### YOUR INSTRUCTIONS
Please restate word for word the lines of the entries below from the one with "The First Computer Bug Was an Actual Insect!" to the one with "Arborele din Piaţa", inclusive, and leave out every picture.

### RAW DATA
========================================

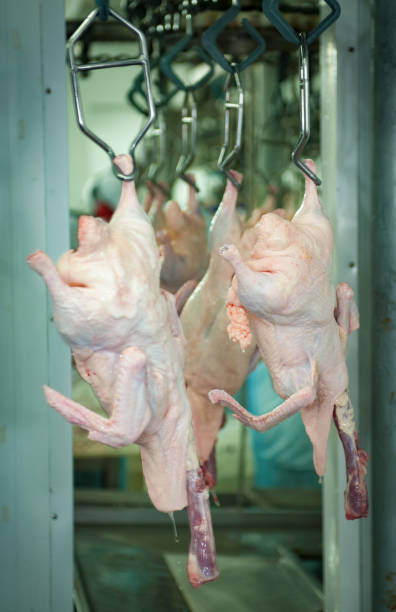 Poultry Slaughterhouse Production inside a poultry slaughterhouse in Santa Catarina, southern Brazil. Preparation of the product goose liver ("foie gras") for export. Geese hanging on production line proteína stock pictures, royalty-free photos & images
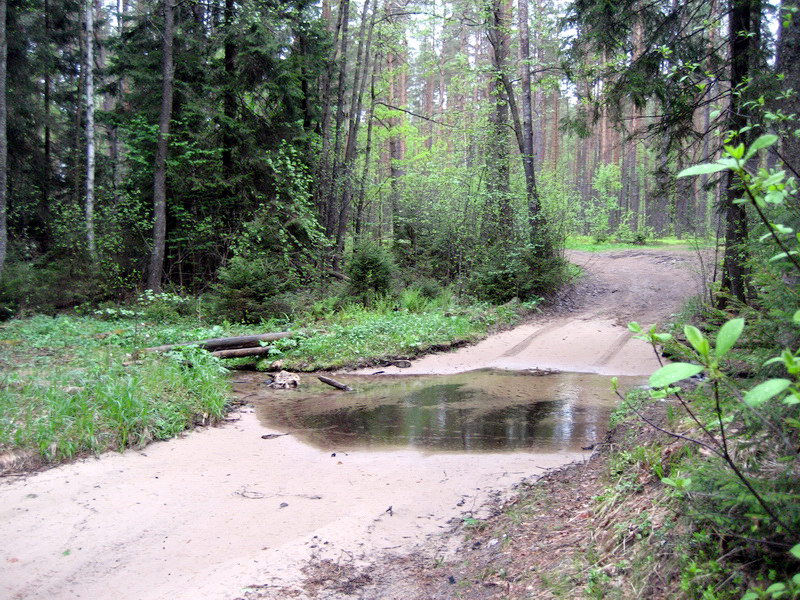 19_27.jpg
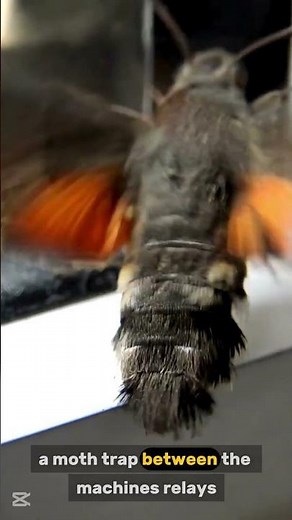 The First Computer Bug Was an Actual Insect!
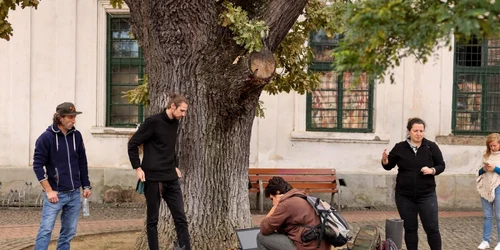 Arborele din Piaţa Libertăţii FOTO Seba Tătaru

========================================

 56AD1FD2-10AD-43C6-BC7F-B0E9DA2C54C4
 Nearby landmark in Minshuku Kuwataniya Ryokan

========================================

### OUTPUT FOR THIS EXERCISE
 The First Computer Bug Was an Actual Insect!
 Arborele din Piaţa Libertăţii FOTO Seba Tătaru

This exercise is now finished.